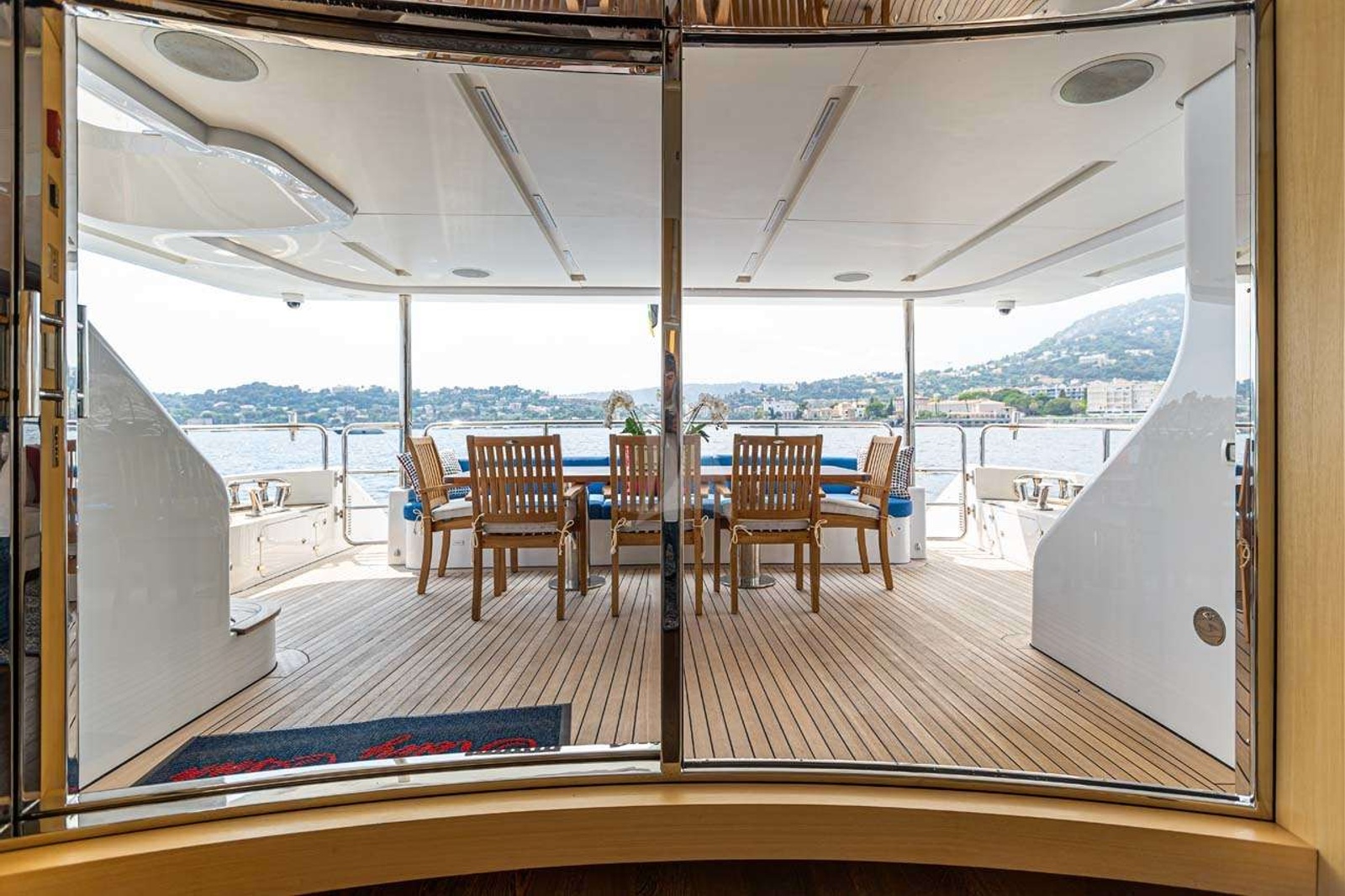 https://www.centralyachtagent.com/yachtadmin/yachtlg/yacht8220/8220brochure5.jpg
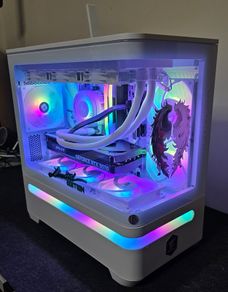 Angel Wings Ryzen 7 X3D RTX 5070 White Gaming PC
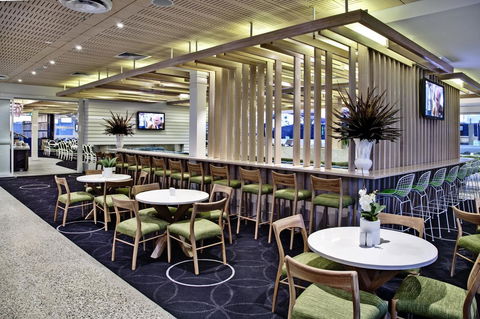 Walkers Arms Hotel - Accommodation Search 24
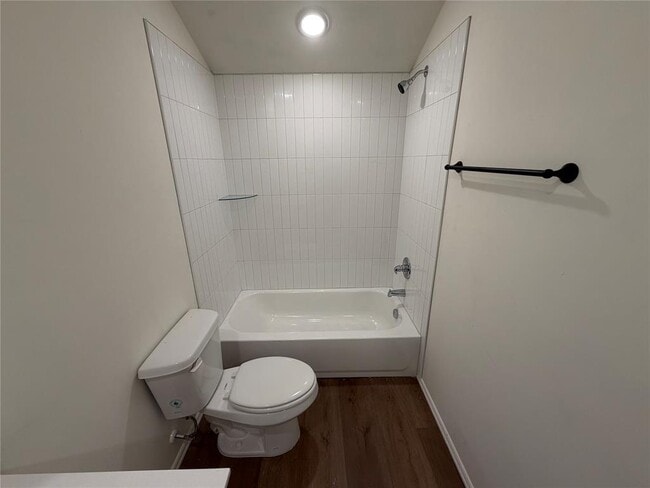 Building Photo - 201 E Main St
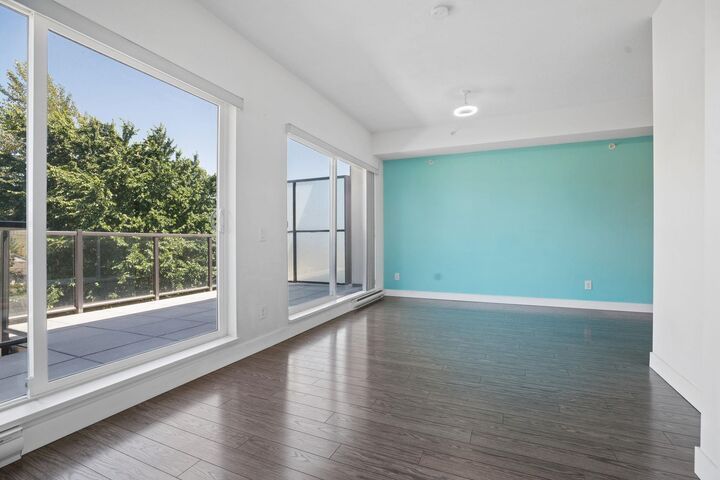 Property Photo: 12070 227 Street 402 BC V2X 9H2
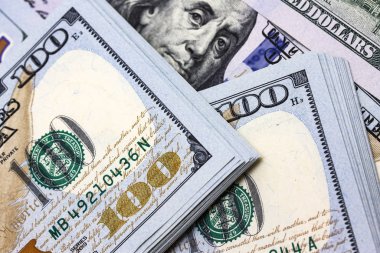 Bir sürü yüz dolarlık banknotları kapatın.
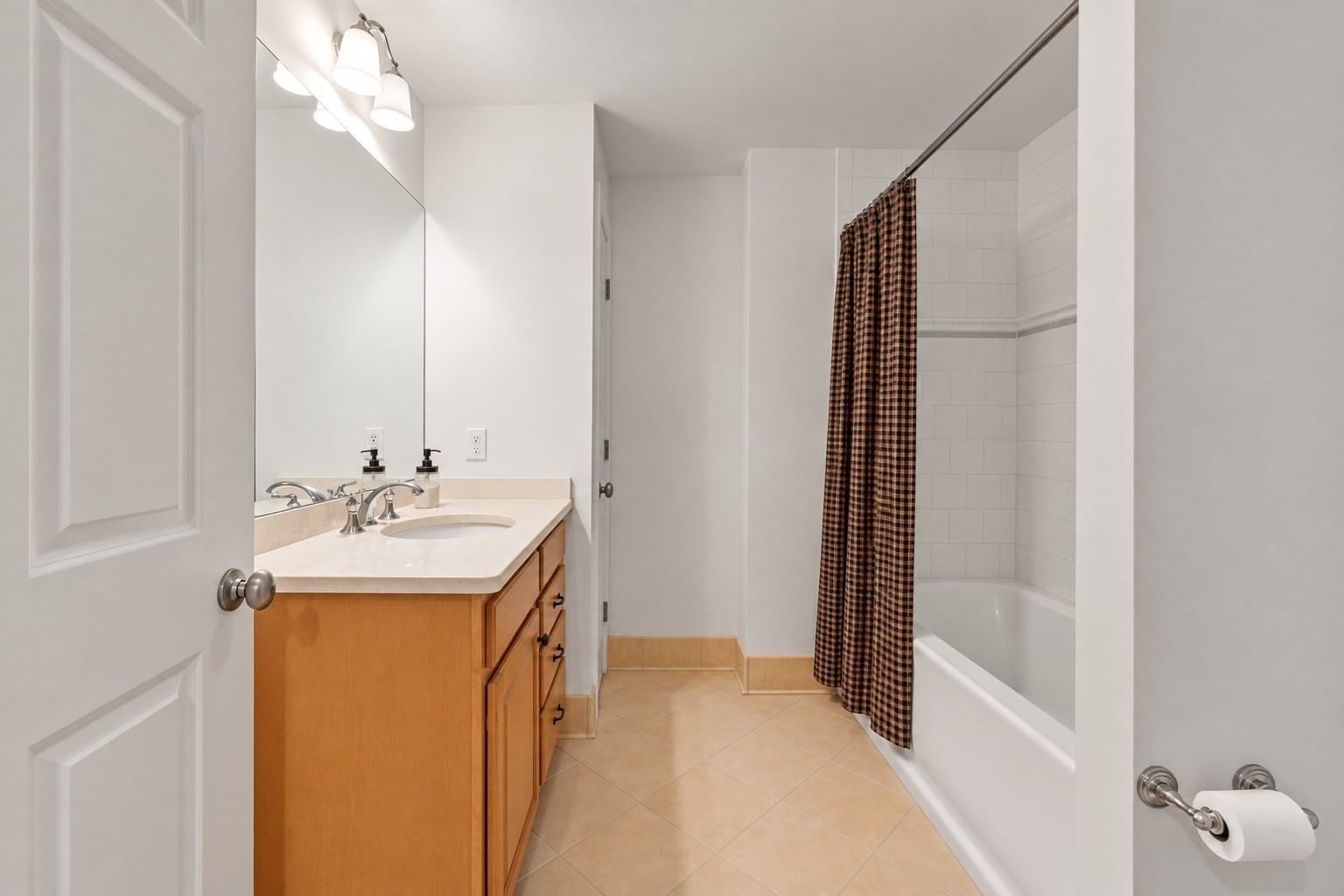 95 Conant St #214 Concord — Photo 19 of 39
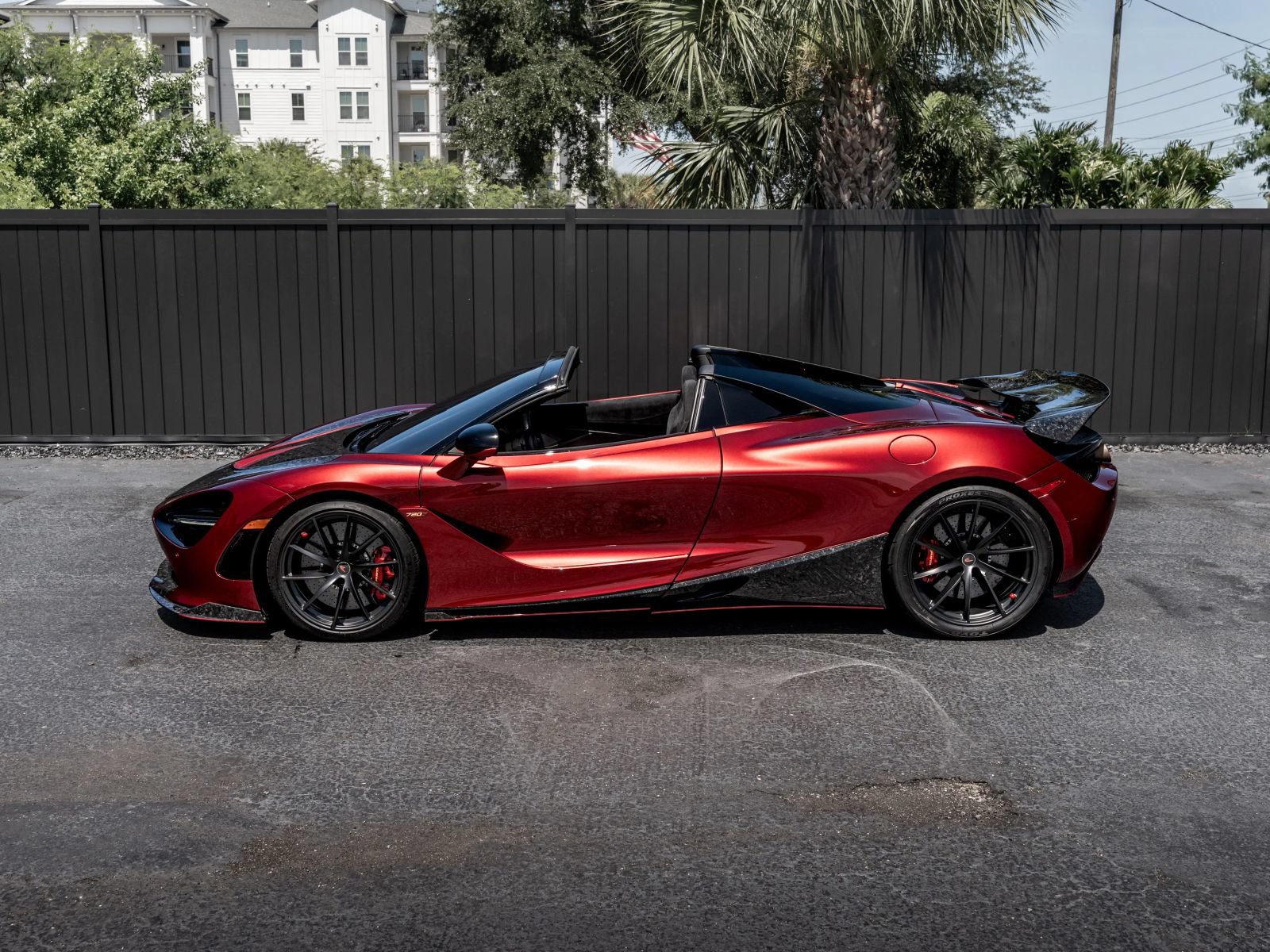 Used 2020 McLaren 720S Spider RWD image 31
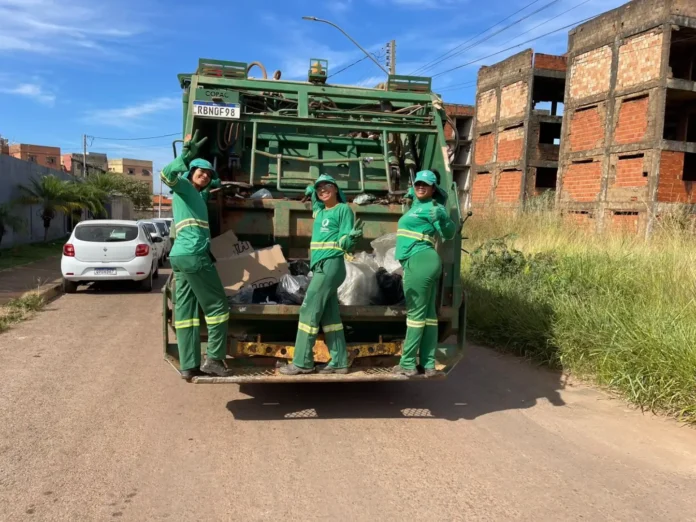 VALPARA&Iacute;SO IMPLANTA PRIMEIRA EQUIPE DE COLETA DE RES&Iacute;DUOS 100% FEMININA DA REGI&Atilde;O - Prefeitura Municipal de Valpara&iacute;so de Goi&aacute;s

◇ ◇ ◇

- TASK TO CARRY OUT:
Pictures in the data above should not be copied; transcribe everything else exactly.

- SOLUTION TO THE EXERCISE:
 https://www.centralyachtagent.com/yachtadmin/yachtlg/yacht8220/8220brochure5.jpg
 Angel Wings Ryzen 7 X3D RTX 5070 White Gaming PC
 Walkers Arms Hotel - Accommodation Search 24
 Building Photo - 201 E Main St
 Property Photo: 12070 227 Street 402 BC V2X 9H2
 Bir sürü yüz dolarlık banknotları kapatın.
 95 Conant St #214 Concord — Photo 19 of 39
 Used 2020 McLaren 720S Spider RWD image 31
 VALPARA&Iacute;SO IMPLANTA PRIMEIRA EQUIPE DE COLETA DE RES&Iacute;DUOS 100% FEMININA DA REGI&Atilde;O - Prefeitura Municipal de Valpara&iacute;so de Goi&aacute;s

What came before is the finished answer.